There is a famous story in the Talmud that describes several rabbis arguing about whether a fellow’s oven is fit for use.  In the course of trying to prove his point, the rabbi who holds the minority opinion attempts to convince his colleagues that he is correct by calling upon God to support him.  After the river runs backwards and a voice calls out from heaven that he is correct, his colleagues scoff, saying that they do not determine legal matters based upon heavenly voices.  They quote God, who told Moses and the people of Israel that the law is “not in heaven,” but in their own hands (Deuteronomy 30:12).  The story concludes with God laughing and declaring “Nitzhuni banai,” my children have bested me! This is one of my favorite images of God: the parent who is delighted upon realizing that the next generation has finally grown up to be independent adults, who are indeed smarter and more capable than their parents.
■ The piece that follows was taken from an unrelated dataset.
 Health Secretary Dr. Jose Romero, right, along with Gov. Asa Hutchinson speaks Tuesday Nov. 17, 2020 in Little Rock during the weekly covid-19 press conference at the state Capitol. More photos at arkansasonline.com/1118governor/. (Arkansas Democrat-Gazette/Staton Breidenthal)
Just over one year ago, I wrote an essay about the demise of the Japanese maple tree which adorned our front yard.  Its trunk was eaten by ambrosia beetles, and we had to remove it and treat the surrounding trees to protect them from the fate of their neighbor.  At the time, I was bereft at the loss of the tree and I could not foresee a future moment when I would be laughing in delight, taking in the visual splendor of the tree’s child.  While I knew that our maple tree was female –it had dropped many seedlings in the yard, most of which did not grow beyond a few inches– I was unaware that a sapling had taken root and begun to flourish in the sunshine that now reached its branches.  Once its mother had been removed, the child was no longer hidden by her shadow from the sun’s rays.  Today, I imagine that old maple tree would be laughing with me, nodding her agreement and rustling in the fall breeze, whispering nitzhuni banai, my children have bested me.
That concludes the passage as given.